--- START ---

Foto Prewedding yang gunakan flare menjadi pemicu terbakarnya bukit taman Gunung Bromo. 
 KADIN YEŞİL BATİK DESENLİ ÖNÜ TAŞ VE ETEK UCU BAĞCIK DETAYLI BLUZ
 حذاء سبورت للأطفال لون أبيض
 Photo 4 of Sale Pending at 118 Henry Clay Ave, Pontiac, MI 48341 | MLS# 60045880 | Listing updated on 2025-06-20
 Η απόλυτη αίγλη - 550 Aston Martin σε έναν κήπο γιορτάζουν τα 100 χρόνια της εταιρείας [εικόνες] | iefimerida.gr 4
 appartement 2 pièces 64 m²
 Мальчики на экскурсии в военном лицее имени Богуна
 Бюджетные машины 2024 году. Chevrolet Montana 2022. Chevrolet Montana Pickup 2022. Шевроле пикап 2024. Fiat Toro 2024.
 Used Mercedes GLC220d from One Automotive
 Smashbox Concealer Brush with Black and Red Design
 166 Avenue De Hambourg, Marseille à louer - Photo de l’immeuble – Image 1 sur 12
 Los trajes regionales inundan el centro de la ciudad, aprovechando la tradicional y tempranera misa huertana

--- END ---

Give back all the records above exactly. Keep every word.

Foto Prewedding yang gunakan flare menjadi pemicu terbakarnya bukit taman Gunung Bromo. 
 KADIN YEŞİL BATİK DESENLİ ÖNÜ TAŞ VE ETEK UCU BAĞCIK DETAYLI BLUZ
 حذاء سبورت للأطفال لون أبيض
 Photo 4 of Sale Pending at 118 Henry Clay Ave, Pontiac, MI 48341 | MLS# 60045880 | Listing updated on 2025-06-20
 Η απόλυτη αίγλη - 550 Aston Martin σε έναν κήπο γιορτάζουν τα 100 χρόνια της εταιρείας [εικόνες] | iefimerida.gr 4
 appartement 2 pièces 64 m²
 Мальчики на экскурсии в военном лицее имени Богуна
 Бюджетные машины 2024 году. Chevrolet Montana 2022. Chevrolet Montana Pickup 2022. Шевроле пикап 2024. Fiat Toro 2024.
 Used Mercedes GLC220d from One Automotive
 Smashbox Concealer Brush with Black and Red Design
 166 Avenue De Hambourg, Marseille à louer - Photo de l’immeuble – Image 1 sur 12
 Los trajes regionales inundan el centro de la ciudad, aprovechando la tradicional y tempranera misa huertana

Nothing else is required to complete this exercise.